Short descriptive text snippets

::::

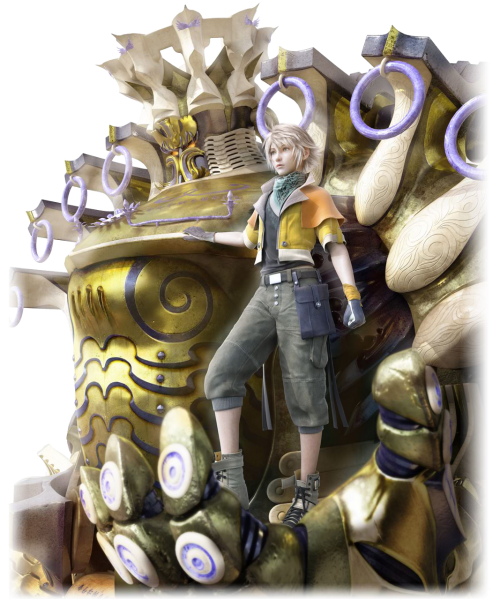 Final Fantasy 13 Concept Art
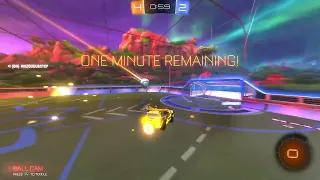 Lets Play Rocket League !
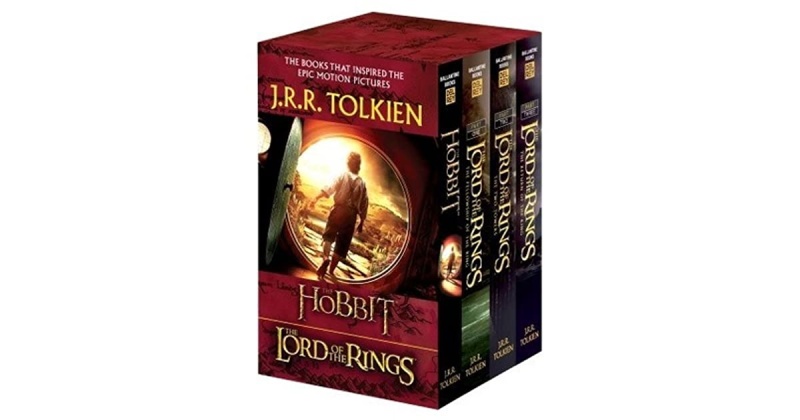 The Hobbit + The Lord of the Rings Trilogy, Chapterized [Audiobook + Books] - J. R. R. Tolkien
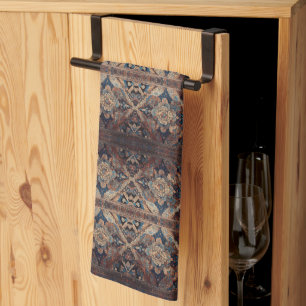 Linge De Cuisine Belle Perse Ancien Motif Collection Moderne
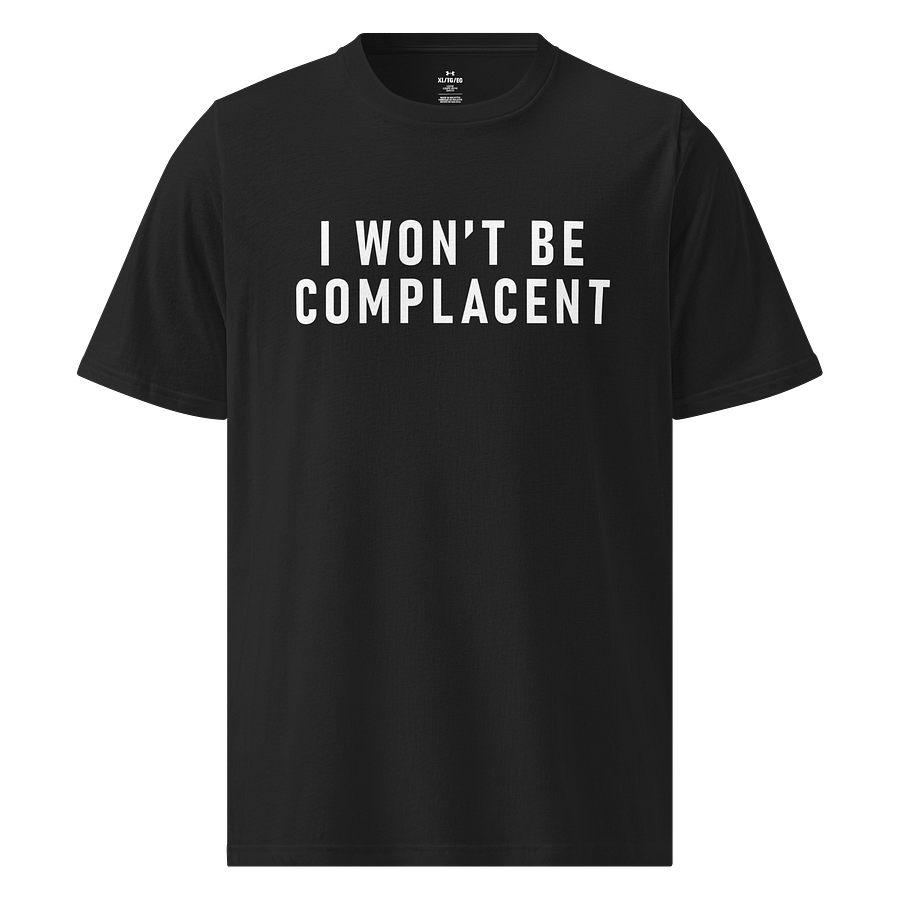 I won't be complacent Under Armour product image (1)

::::

> **Task to carry out**:
Transcription of the lines from the one with "Lets Play Rocket League !" through the end of the entries is required, exact and with no pictures.

> **Your solution**:
 Lets Play Rocket League !
 The Hobbit + The Lord of the Rings Trilogy, Chapterized [Audiobook + Books] - J. R. R. Tolkien
 Linge De Cuisine Belle Perse Ancien Motif Collection Moderne
 I won't be complacent Under Armour product image (1)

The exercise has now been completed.